Hacker News new | ask | show | jobs
by nixgeek 4920 days ago
Holidays are actually one of the best times to be making changes as traffic is significantly lower, and IMO, one should be aiming for an infrastructure where you can always ship changes without being afraid of the ramifications.

Architecturally that may mean many things - hitting "SHIP IT!" might push code into a staging environment for some final testing before delivering it onto a platter in production. Should you have multiple sites, it might involve rolling out the new stuff to just one of them until you see how it goes. Maybe you have feature flags and want to introduce a new change to all servers, but just 1% of the user population?

Fundamentally hitting "SHIP IT!" should be doing just that. Any constraints you put on how fast it gets to 100% of the user population are a risk control, and you need to optimize for a balance of developer happiness and system stability.

When you concede "We can't make changes because we're frozen" outside of a critical systems ('life critical') environment, you should quit your IT job and go become a fisherman or something.

2 comments

Shipping code changes is a different beast.

I am talking about the infrastructure side of things.

I have built large scale percentage-deployment, slice deployment (whatever you want to call them) scenarios like you speak of but modifying an AGG switch that provides connectivity to your entire prod space... Uh.. Go ahead and use your philosophy for managing large infrastructure and I will enjoy my days off thanks.

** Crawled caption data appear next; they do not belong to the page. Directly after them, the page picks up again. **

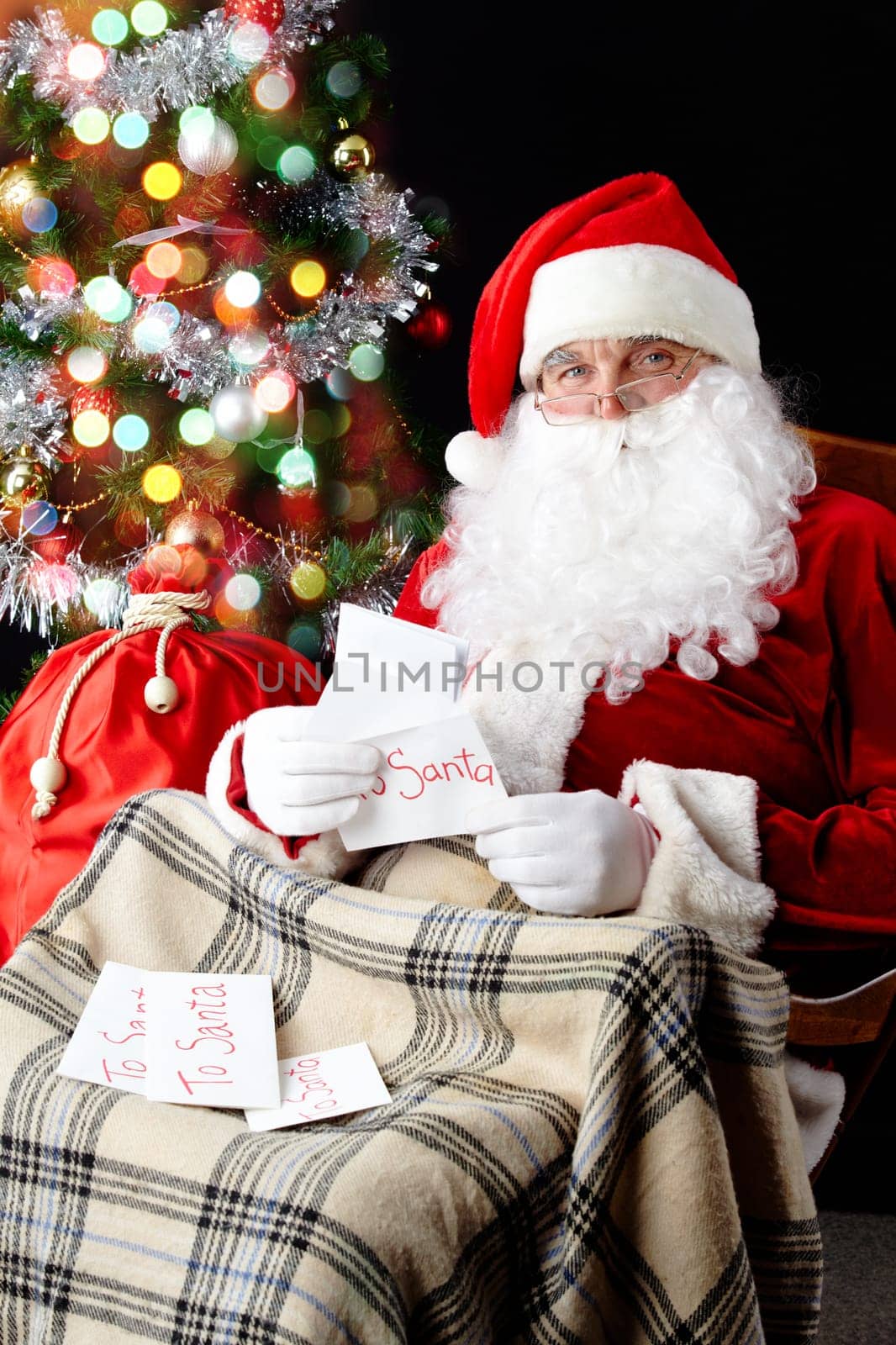 Santa sitting at the Christmas tree and reading Christmas letters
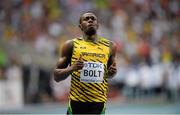 10 August 2013; Jamaica's Usain Bolt wins his heat of the men's 100m event, in a time of 10.07. IAAF World Athletics Championships - Day 1. Luzhniki Stadium, Moscow, Russia. Picture credit: Stephen McCarthy / SPORTSFILE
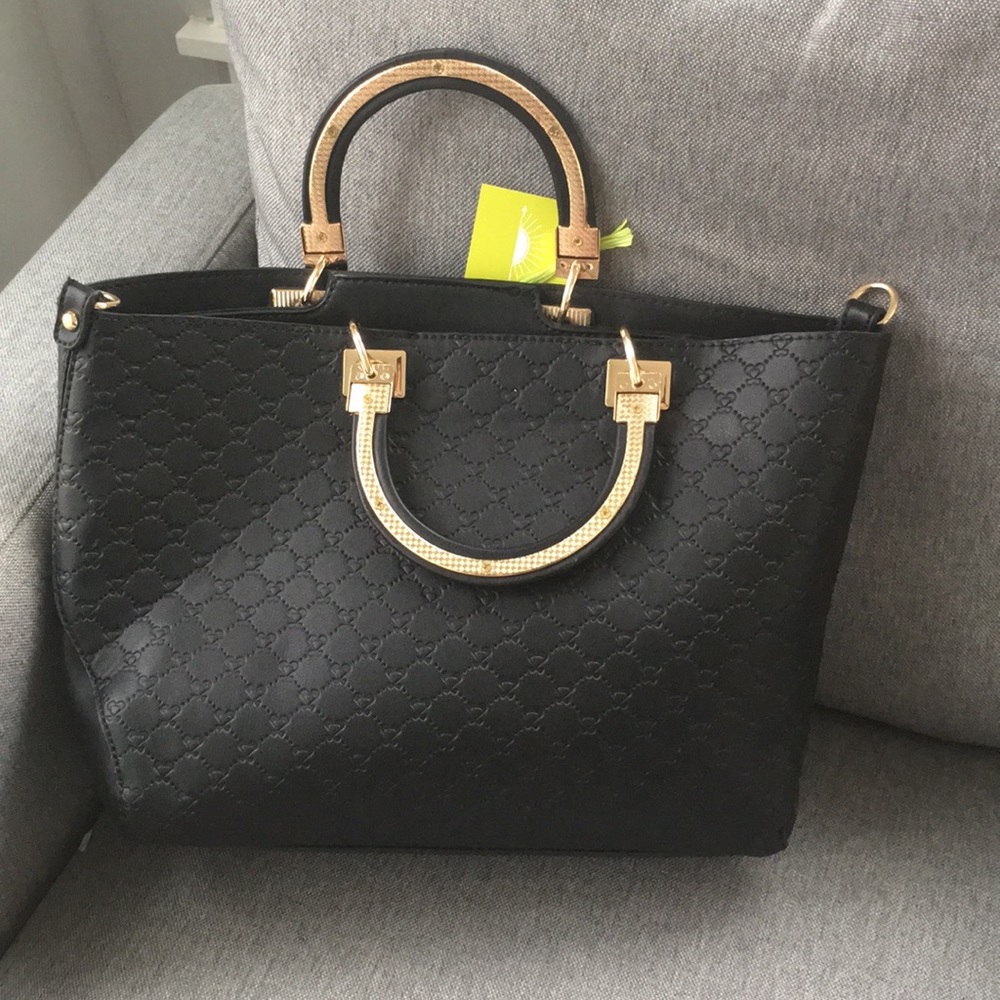 Cute black purse with gold hardware.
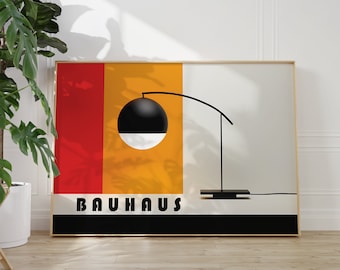 May include: A framed poster with a black and white geometric design and the word "BAUHHAUS" in black text. The poster has a red, yellow, and orange background.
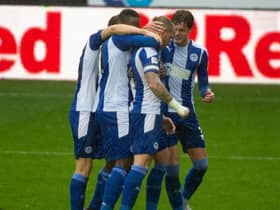 Joe Garner is mobbed after his winning goal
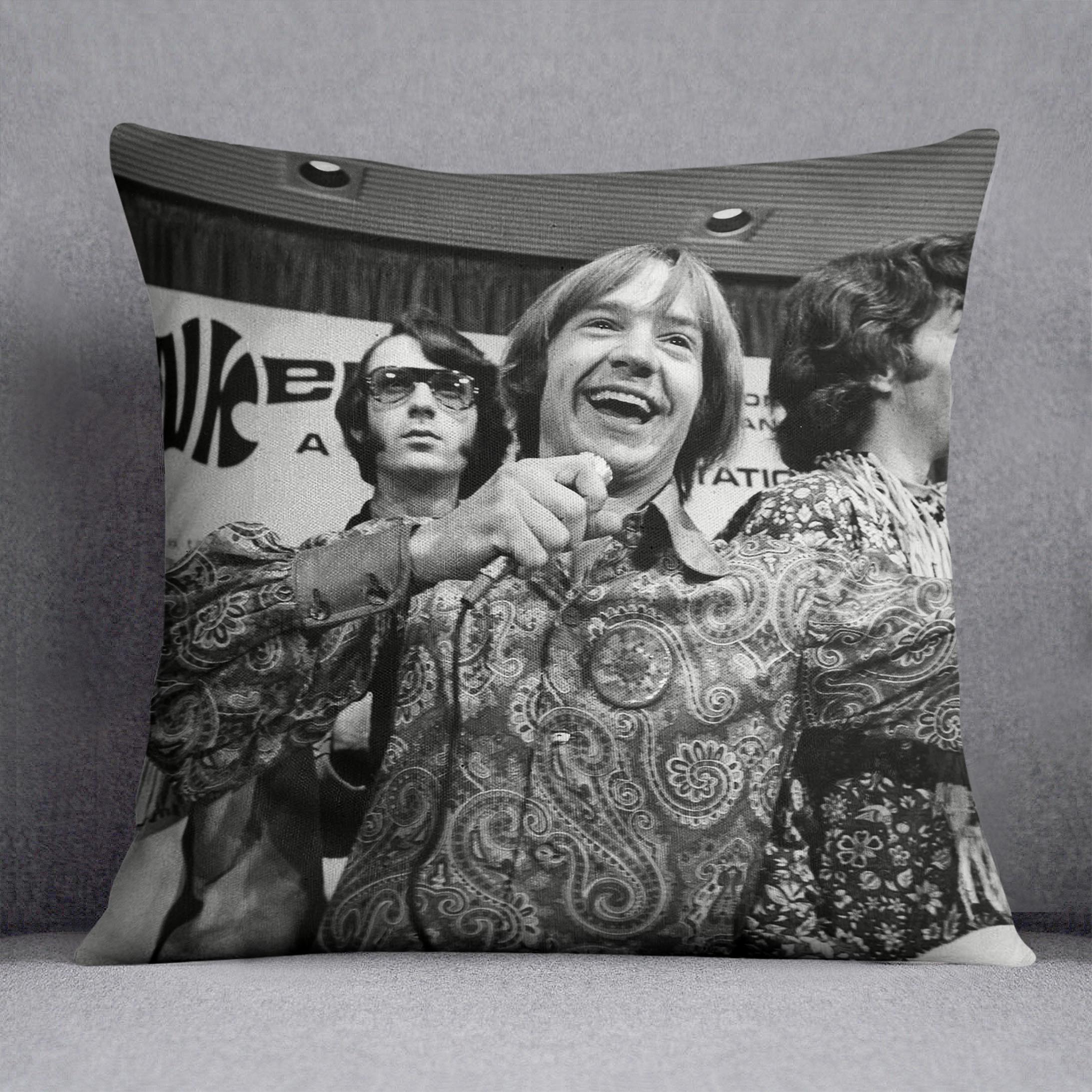 The Monkees playing around Cushion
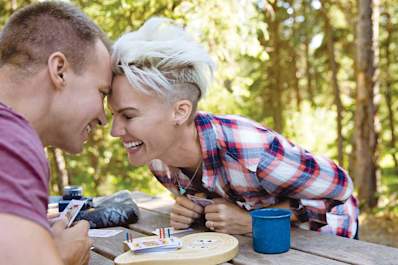 Man and woman playing cards on picnic table while camping.
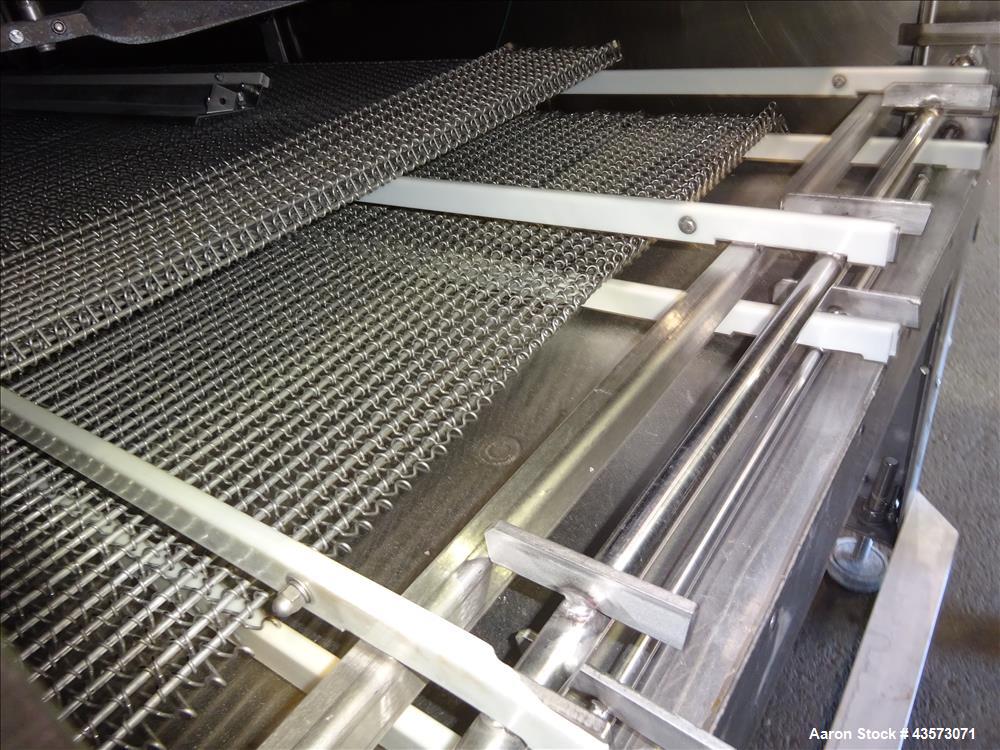 Used Praxair Nitrogen Freeze Tunnel. Section 1 conveyor belt 230" long x 42" wide, second conveyor belt 140" long x 42" wide. Serial No. 90092 R/W. Built 1999.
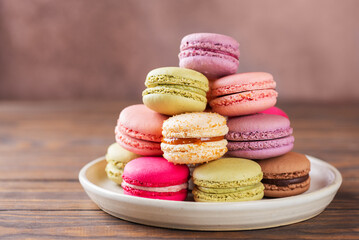 Multicolored macaroons in a plate on a wooden table.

This change is not a SHIP IT! change. This is a switching infrastructure upgrade. This is not a push from your CI into your rolling rel. system that updates prod applications.

This is an underlying infrastructure change with high impact and high visibility with many stakeholders at risk.

Sorry for any confusion that my, very vague, post caused.

Maybe someday I will become a fisherman. But for now, I will keep these switches and servers up and running with 99.999% uptime. It is what I love to do!

Got any fishing tips?

I guess we have differing viewpoints, I see absolutely no fundamental reason why infrastructure should be treated all that much differently to code. It should be possible to fire off a test suite, to automate its deployment, etc.

I would agree that is not where most folks are at today.

I would argue the far more interesting discussion is how we develop and mature tools to get more folks there in future.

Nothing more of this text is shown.